Jean-François Kerléo, professeur de droit public à l'université d'Aix-Marseille :

J'ai à la fois la chance et la malchance de prendre la parole après mes deux collègues car nombre des points que je souhaitais aborder ont déjà été évoqués, notamment d'un point de vue historique. Je vais donc m'efforcer d'aller à l'essentiel et d'évoquer des propositions.

Tout d'abord, il est indéniable que votre mission aborde un impensé juridique, car nous vivons aujourd'hui sous le dogme du mandat parlementaire selon lequel chaque député représente la nation en assemblée. C'est une évidence et une nécessité, mais une telle vision nous empêche aussi, dans une certaine mesure, de considérer le rôle du député à l'échelon local. La réforme du non-cumul des mandats nous a conduits à repenser cette relation avec la circonscription. Cependant, il ne faut pas limiter cette réflexion à la relation entre le député et sa circonscription ; il convient de l'élargir à sa relation avec les territoires en général.

Pour ma part, je suis beaucoup moins sceptique que mes collègues quant à la réforme du non-cumul des mandats, avec laquelle je suis en accord quasi total. Je ne pense pas que cette réforme soit la cause de la distance qui existe désormais entre le parlementaire et sa circonscription. Je partage l'avis de Jean-Philippe Derosier : bien plus que la réforme du non-cumul, c'est plutôt le renouvellement de la classe politique qui a conduit à l'émergence de nouveaux profils, souvent dépourvus d'ancrage territorial à l'origine.

Je suis légèrement dubitatif lorsque j'entends mon collègue Benjamin Morel – l'avantage de parler après lui est que je peux rebondir sur ses propos. Je ne crois pas que la réflexion sur le rôle local du parlementaire soit une spécificité française.
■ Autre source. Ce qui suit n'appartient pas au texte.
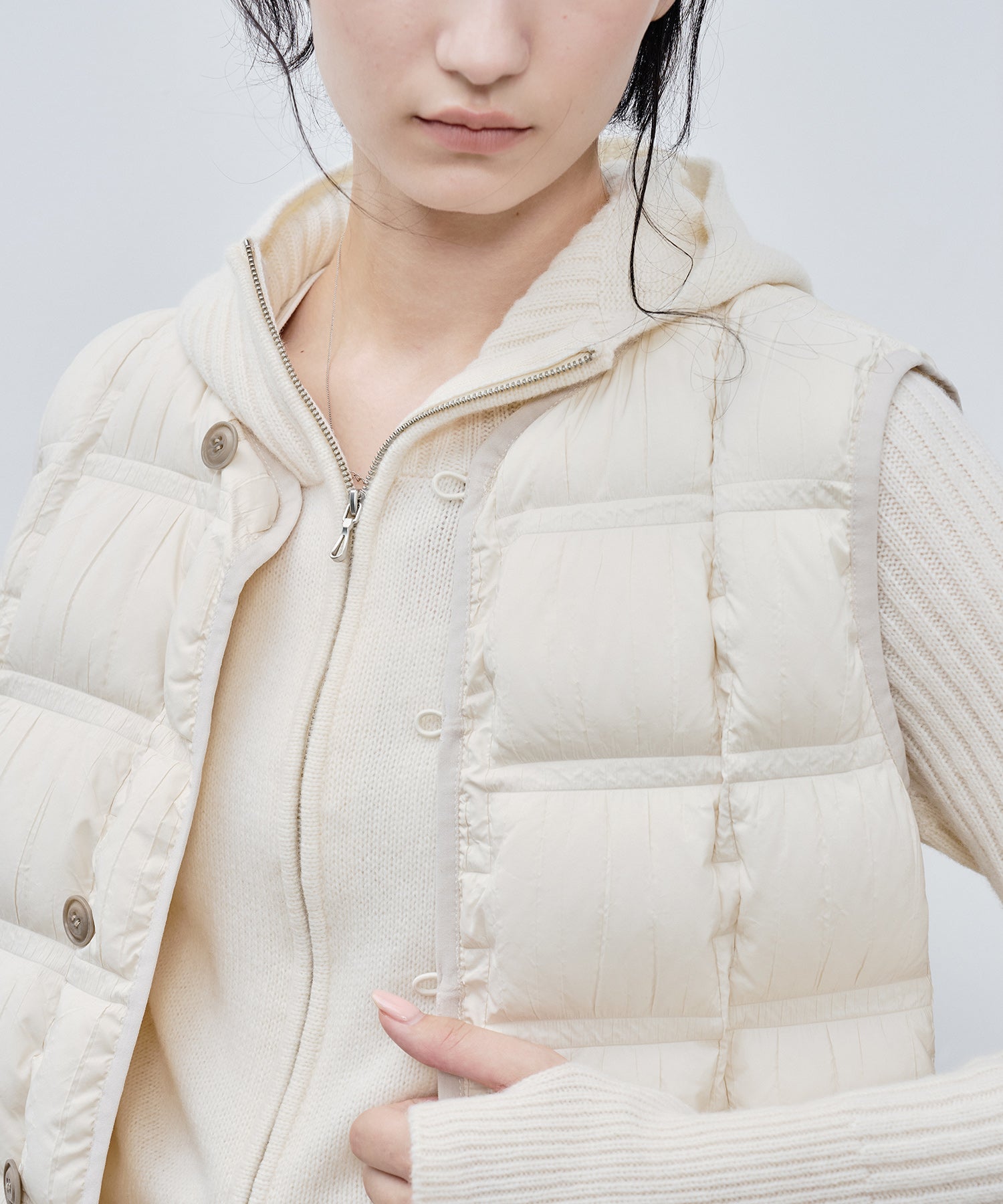 Lightweight Crinkled Down Vest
Il me semble important de nuancer ce point. Des distinctions sont sans doute à opérer selon les formes d'État, notamment entre un État fédéral et un État unitaire. Dans un État fédéral, il est clair que le parlementaire entretient une relation extrêmement forte avec son territoire. Aux États-Unis, les parlementaires sont étroitement liés à leur circonscription et l'un de leurs rôles consiste expressément à « mettre de l'huile dans les rouages » de l'État fédéral en faisant remonter les considérations locales vers le sommet de celui-ci. Tel est également le cas au Canada, pour des raisons légèrement différentes. En effet, les provinces et les communautés y possèdent des identités culturelles marquées et attendent de leurs parlementaires qu'ils relaient leurs attentes spécifiques. Dans de nombreux États fédéraux, le rapport local des parlementaires est très prégnant.

Le Royaume-Uni – bien qu'il ne s'agisse pas d'un État fédéral – constitue un autre exemple, avec des parlementaires qui entretiennent un lien très fort avec leur circonscription. Même si aucun texte ne reconnaît expressément cette relation, dans la culture politique et dans les faits, celle-ci est très forte. Il est important de nuancer cette vision d'une spécificité française vis-à-vis de tels questionnements. Il faut néanmoins se demander pourquoi ce lien est nécessaire. Je partage totalement l'opinion de Mme la présidente lorsqu'elle souligne que le parlementaire d'aujourd'hui n'est plus celui d'hier. Plus que jamais il convient de recréer, de manière générale, du lien politique dans les territoires.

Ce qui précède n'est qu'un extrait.